Pictured above is the Active Intravenous Therapy (IV) Bag with an Internet of Things (IOT) Flow Detector design, which was submitted to the 2019 International Design Excellence Awards.
(Photo courtesy of Jang)

“In the United States, there is a device that is used by making direct contact with patients, which costs tens of millions of won ($8,354), but mine can be made for a few 10,000 won,” said Jang. “It works by measuring the changes in the refractive index of the drip.” Jang’s invention was also recognized by the 2019 James Dyson Award, an international design award that was hosted in 27 countries around the world and run by the James Dyson Foundation.

This was not Jang’s first time creating innovative products. In 2017, he created a subscription platform that offers personalized vitamin supplement recommendations through analyzing data from regular medical checkups. Jang said he thought that the great data accumulated from these checkups could amount to more, instead of ending with obvious advice like “stop smoking.”

Jang said he was interested in medical policies when he was studying to go to medical school. However, later on, he realized that medical policies go hand in hand with politics and, thus, require “smarter people.” Jang soon thought that he could make a real change in the field, instead of going up the ladder as a medical specialist or politician and create policies from the top-bottom. One way to achieve this was by creating things in the market, which led to him devising and planning for new medical products and services. Jang’s entrepreneurial spirit comes from a broad range of hobbies and interests. Although he should be focusing on his medical studies, Jang confessed that he enjoys a bit of light reading.

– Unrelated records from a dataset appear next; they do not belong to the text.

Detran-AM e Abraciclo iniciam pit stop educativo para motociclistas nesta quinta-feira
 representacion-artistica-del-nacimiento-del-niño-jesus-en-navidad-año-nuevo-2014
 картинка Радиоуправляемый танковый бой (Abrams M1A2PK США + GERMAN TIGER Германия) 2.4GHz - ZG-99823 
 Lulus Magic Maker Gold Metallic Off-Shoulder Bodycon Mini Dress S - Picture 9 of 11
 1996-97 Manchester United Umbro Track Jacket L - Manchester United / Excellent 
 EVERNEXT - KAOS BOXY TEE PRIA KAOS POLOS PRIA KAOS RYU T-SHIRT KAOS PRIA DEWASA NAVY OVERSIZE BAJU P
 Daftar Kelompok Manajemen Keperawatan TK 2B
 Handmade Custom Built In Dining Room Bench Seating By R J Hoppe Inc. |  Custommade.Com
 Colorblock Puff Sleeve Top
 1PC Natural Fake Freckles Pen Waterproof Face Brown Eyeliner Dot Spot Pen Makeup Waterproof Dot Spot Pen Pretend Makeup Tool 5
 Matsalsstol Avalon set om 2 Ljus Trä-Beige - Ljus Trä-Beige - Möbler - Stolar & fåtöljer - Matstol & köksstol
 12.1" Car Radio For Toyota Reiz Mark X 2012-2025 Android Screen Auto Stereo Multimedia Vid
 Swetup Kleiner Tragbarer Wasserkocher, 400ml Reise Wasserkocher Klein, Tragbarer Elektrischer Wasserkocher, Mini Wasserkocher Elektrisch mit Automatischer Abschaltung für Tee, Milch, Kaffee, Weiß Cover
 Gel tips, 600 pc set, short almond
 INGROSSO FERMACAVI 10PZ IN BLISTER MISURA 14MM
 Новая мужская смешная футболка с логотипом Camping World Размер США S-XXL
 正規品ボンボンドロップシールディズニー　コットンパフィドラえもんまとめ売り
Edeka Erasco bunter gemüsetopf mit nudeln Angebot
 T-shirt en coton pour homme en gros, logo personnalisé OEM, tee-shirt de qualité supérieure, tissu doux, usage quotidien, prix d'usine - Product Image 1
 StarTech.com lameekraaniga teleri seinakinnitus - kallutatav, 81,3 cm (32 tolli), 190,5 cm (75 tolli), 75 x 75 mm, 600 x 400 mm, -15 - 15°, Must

“What I do in my free time is going to the medical college study room and reading analyst reports,” said Jang. “It is something that I really like. When I am reading these reports, I find a lot of things that I want to invest in.” Jang’s talents do not fall far from the tree. His father is a professor of engineering and his mother runs a business. Jang said both parents support his decision to pursue business and a medical career at the same time. He added that his business decisions and insights come from his mother.
 
YouTube channel Medical TV
(Photo courtesy of youtube.com)

Jang also periodically appears on Medical TV, a YouTube channel that features medical students, to give advice to future medical students and answers questions by viewers. Not only does Jang offer insight into the lives of medical students to viewers, but he also donates all of his earnings from the channel to the Hanyang University Medical Center. He said that this was sort of giving back to others as he would also watch videos featuring his medical idols during his studies to get motivation.
 
Jang shared that one person who led Jang to where he is today is Dr. Lee Gook-jong, the renowned head surgeon of a trauma center. “Although my path is slightly different than his, I believe that our hearts are in the same place: the will to innovate medical treatment for patients,” said Jang. “When I was in high school, I would watch videos about him and tear up as I studied. I would study with my eyes swollen. My goal is to work beside him or converse with him, sharing our insights if my company becomes bigger or our service is expanded or if I become a successful doctor.”
 
Jang Ji-ho (College of Medicine, 2nd year), a finalist in the 2019 IDEA

These days, Jang is about to launch a startup for a pharmaceutical platform with two other friends. Even with his extremely tightly packed schedule, Jang is not the type to back down.